Activity: Where the line containing "Klutz Nail Style" appears below, start there and repeat each line exactly to the end. Leave the pictures out.

Supplied entries:

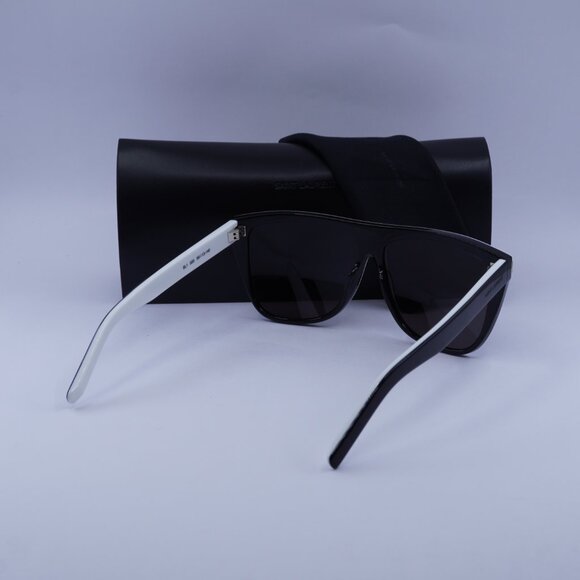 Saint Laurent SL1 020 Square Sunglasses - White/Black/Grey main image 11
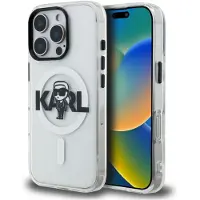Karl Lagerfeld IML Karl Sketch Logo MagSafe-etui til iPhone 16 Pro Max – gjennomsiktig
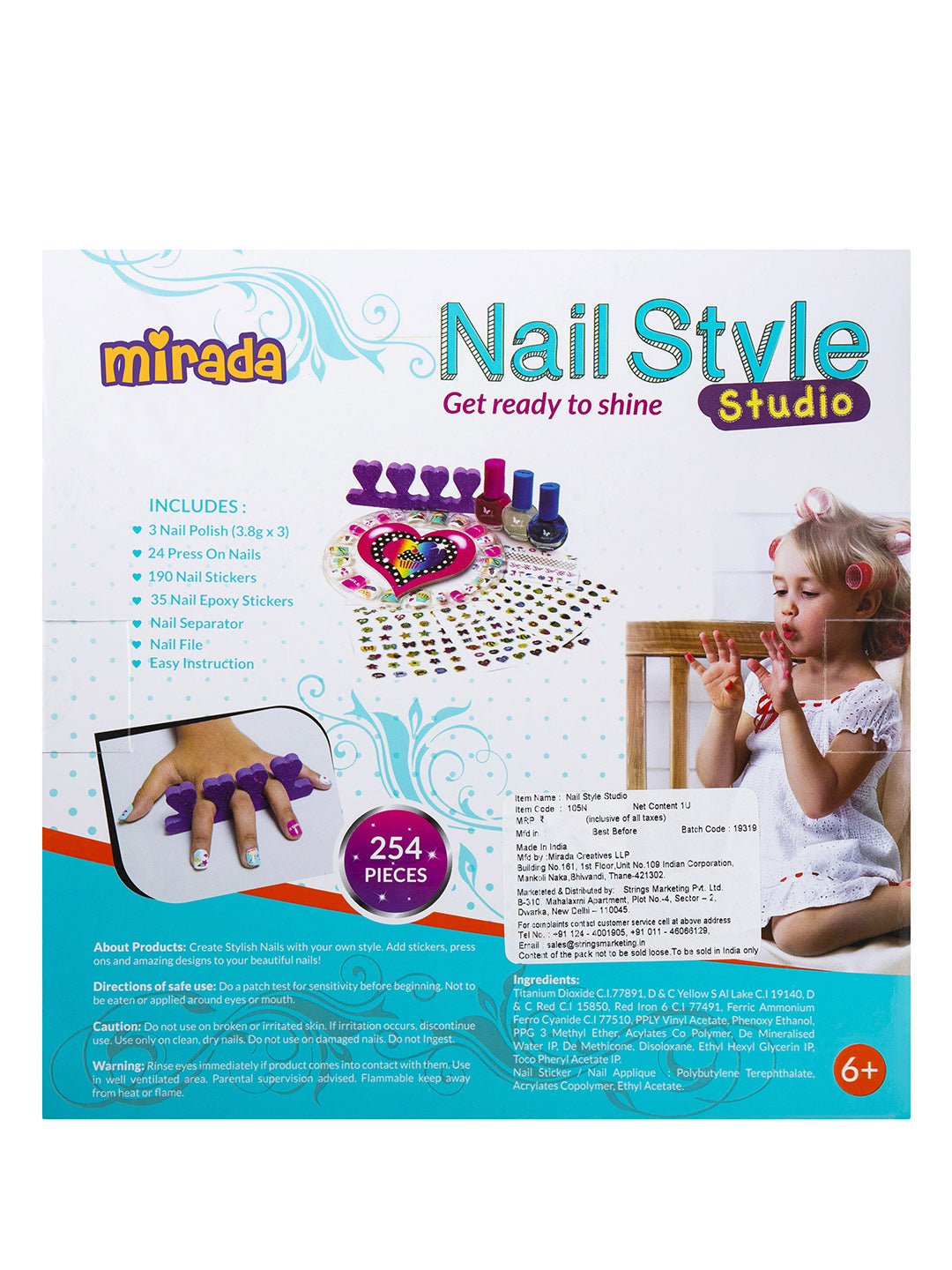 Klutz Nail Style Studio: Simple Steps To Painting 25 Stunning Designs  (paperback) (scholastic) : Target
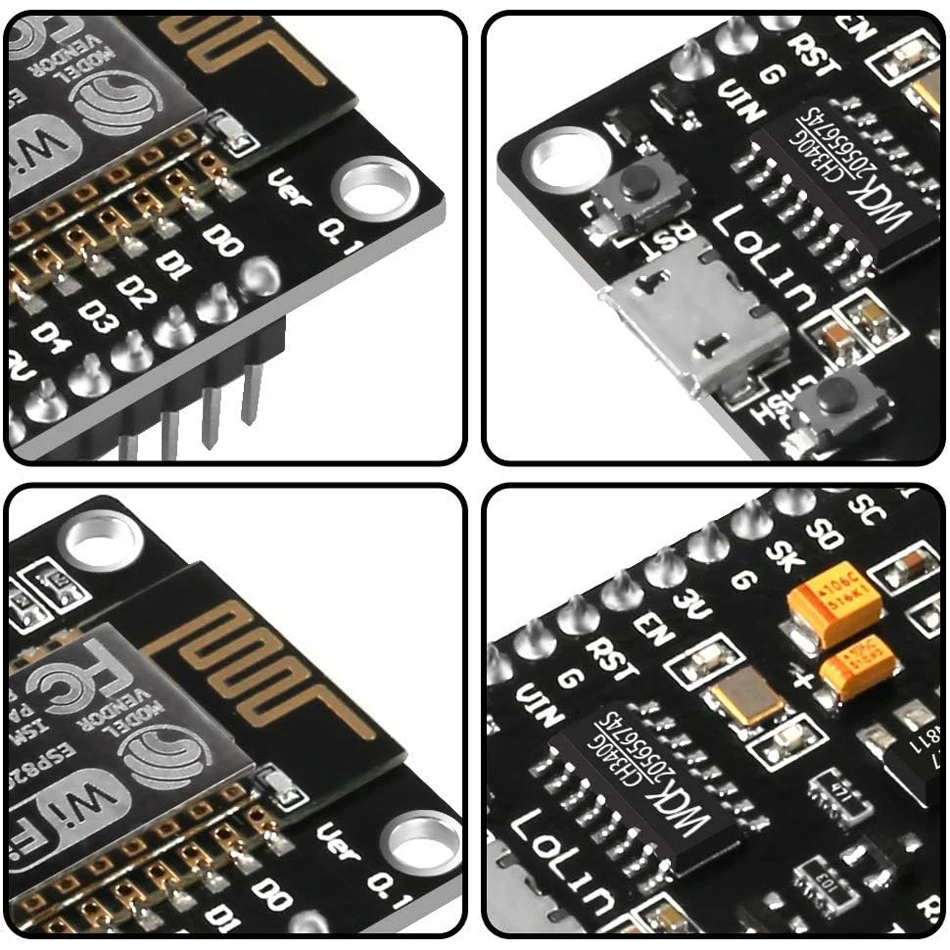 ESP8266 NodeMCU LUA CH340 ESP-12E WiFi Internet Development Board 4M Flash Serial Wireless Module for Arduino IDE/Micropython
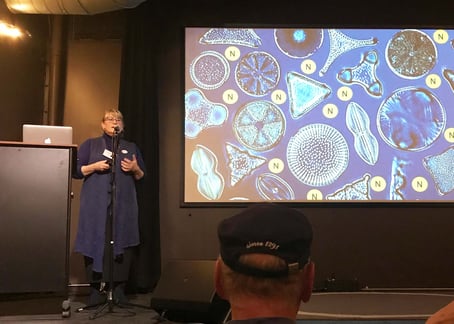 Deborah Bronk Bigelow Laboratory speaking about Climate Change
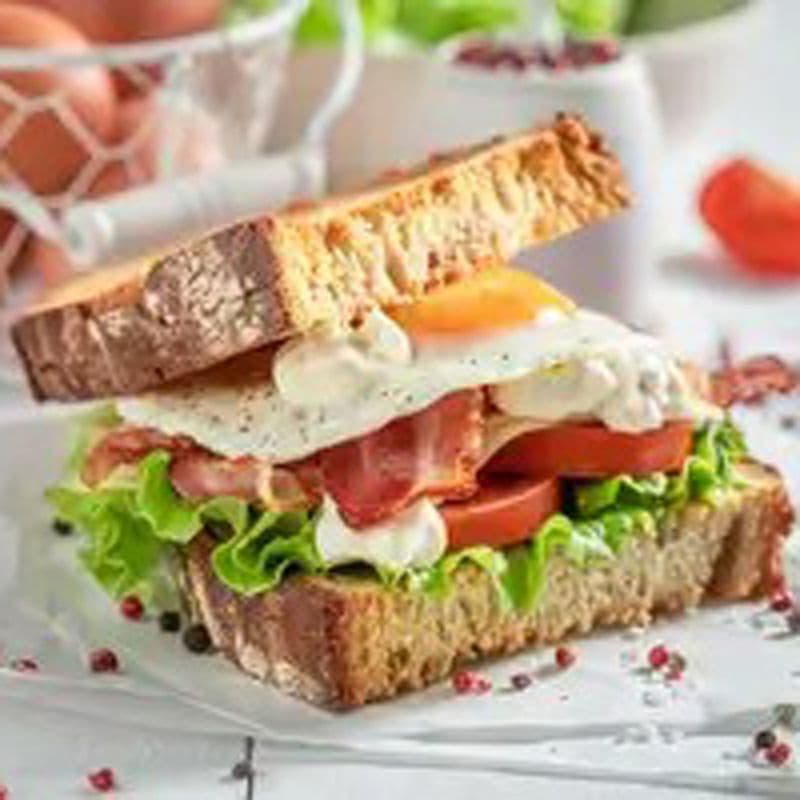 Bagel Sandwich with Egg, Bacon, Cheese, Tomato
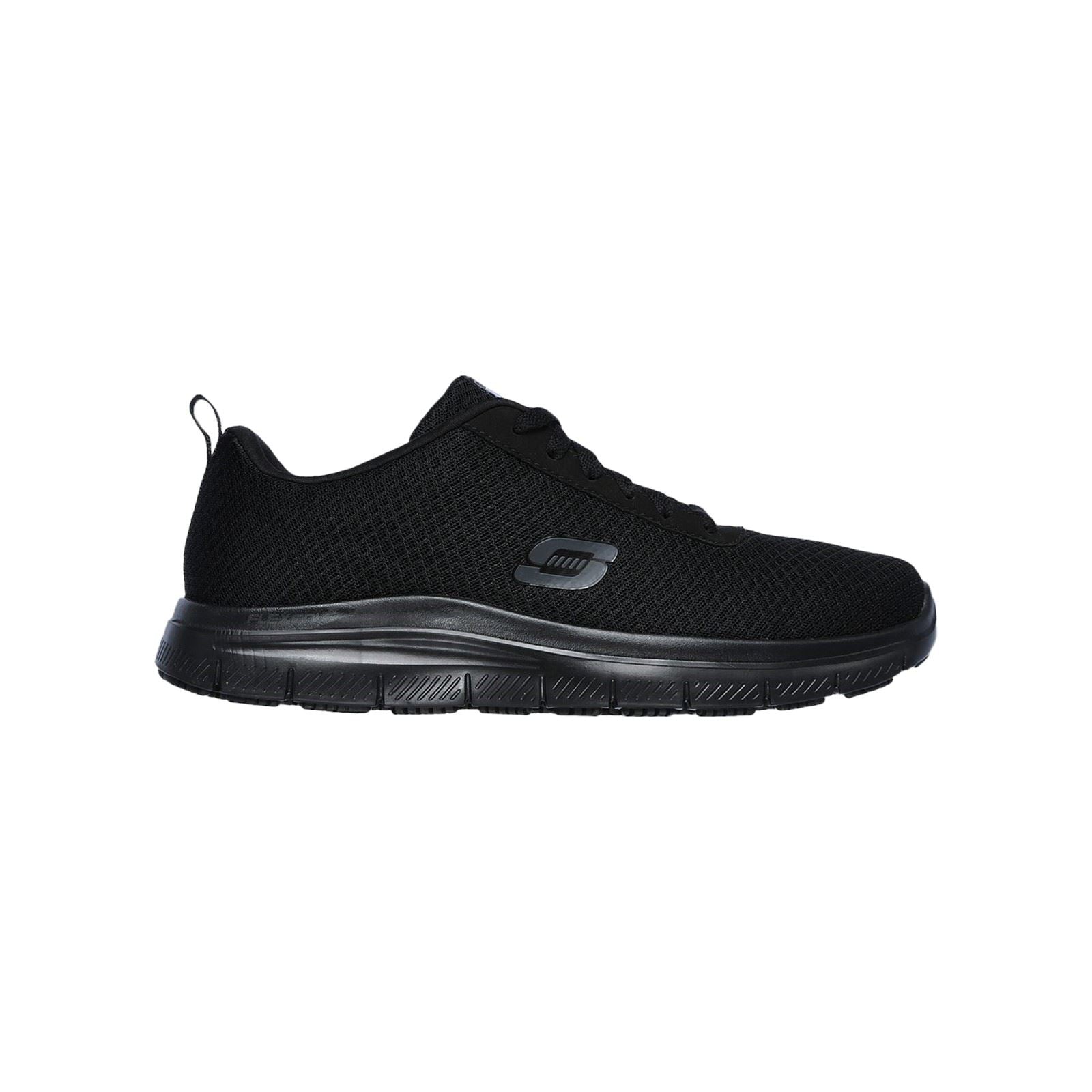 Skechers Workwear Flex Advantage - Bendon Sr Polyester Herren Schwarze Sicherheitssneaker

Task answer:
 Klutz Nail Style Studio: Simple Steps To Painting 25 Stunning Designs  (paperback) (scholastic) : Target
 ESP8266 NodeMCU LUA CH340 ESP-12E WiFi Internet Development Board 4M Flash Serial Wireless Module for Arduino IDE/Micropython
 Deborah Bronk Bigelow Laboratory speaking about Climate Change
 Bagel Sandwich with Egg, Bacon, Cheese, Tomato
 Skechers Workwear Flex Advantage - Bendon Sr Polyester Herren Schwarze Sicherheitssneaker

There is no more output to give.